Many thanks to the lovely Mark for doing all the tricky bits, like fixing hinges and attaching the unit to the wall for stability. And carrying all the heavy boxes. The more eagle-eyed reader will have spotted the "whited out" panes in the bookcase doors, in which I realised I could better conceal all my heaps of random paper by taping pictures in front of them.

The next room that I am thinking of as "finished" is my room. Or now, Molly's room, since she moved in a week ago and has almost finished sniffing everything she considers to be suspicious. In my next post I'll tell you about the World's Most Expensive Catflap, which involves a whole new double-glazed panel for the front door. If only she could just learn to use a key.

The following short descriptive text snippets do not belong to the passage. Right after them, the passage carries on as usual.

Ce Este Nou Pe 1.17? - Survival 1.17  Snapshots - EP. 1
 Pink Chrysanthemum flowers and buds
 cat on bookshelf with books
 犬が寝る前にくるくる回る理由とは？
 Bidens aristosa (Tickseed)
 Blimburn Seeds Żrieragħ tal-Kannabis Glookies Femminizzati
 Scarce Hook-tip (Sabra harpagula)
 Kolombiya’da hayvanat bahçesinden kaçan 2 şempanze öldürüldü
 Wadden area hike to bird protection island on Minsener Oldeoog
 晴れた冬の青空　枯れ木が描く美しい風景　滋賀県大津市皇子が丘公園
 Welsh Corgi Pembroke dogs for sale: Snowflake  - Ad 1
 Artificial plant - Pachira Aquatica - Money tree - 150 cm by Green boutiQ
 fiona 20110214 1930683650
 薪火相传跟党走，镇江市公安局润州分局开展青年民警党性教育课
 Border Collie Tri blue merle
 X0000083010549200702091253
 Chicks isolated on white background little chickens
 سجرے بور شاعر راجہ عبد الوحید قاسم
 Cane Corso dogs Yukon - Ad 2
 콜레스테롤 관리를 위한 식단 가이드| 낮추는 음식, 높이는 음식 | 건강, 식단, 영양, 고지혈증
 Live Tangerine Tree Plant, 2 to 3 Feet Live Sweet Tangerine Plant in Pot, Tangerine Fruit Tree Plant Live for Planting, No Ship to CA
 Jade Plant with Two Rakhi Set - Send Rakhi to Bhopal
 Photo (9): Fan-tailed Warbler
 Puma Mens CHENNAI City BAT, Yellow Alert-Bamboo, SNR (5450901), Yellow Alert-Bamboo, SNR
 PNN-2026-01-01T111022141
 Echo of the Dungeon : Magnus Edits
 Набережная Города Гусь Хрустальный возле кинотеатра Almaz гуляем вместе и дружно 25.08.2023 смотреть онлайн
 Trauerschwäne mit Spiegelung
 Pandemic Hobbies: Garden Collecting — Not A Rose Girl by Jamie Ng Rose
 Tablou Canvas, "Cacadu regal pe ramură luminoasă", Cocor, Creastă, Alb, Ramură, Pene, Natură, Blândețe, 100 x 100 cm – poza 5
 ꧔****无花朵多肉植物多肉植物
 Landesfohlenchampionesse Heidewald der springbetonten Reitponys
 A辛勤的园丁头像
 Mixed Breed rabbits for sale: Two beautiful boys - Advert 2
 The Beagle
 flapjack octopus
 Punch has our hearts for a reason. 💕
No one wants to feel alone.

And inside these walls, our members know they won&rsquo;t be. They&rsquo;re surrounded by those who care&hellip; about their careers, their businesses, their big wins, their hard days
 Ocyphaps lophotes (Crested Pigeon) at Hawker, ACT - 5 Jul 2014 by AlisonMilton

Here's the before and afters of my bedroom (clutter carefully cropped out of shot, hopefully):

Remind me why I bought this house again - looking at this now makes me want to run away.

After: phew, it was all alright in the end. The amazing power of white (paint, lampshade, bedlinen...)

And there's somehow also been good progress with the living room. OK, so if you look up you'll be greeted with a sort of equator across the ceiling, where I couldn't face painting the other half, but I'll get to it. Honest.

The main feature (and I use that word remarkably loosely) of the living room was a lumpy grey tiled fireplace. Here's the going, going, gone shots of that:

Mmm, bet you all want one now. Sorry, it went on the skip.

An excellent start, but not quite there...

That's more like it.

And now, it all looks like this. The TV is currently performing a purely decorative function (hmmm) since I can't find the aerial cable or the remote controller for the dvd player. They're probably hiding together in a saucepan, secure in the knowledge I'm not unpacking any kitchen boxes until, oo, I don't know, I actually have a kitchen.


No update would be complete without the much-anticipated evidence of the Finland canvas. This is a print from a photograph taken by Jere, of their beautiful view in Tampere. It makes me feel calm (and envious) every time I look at it.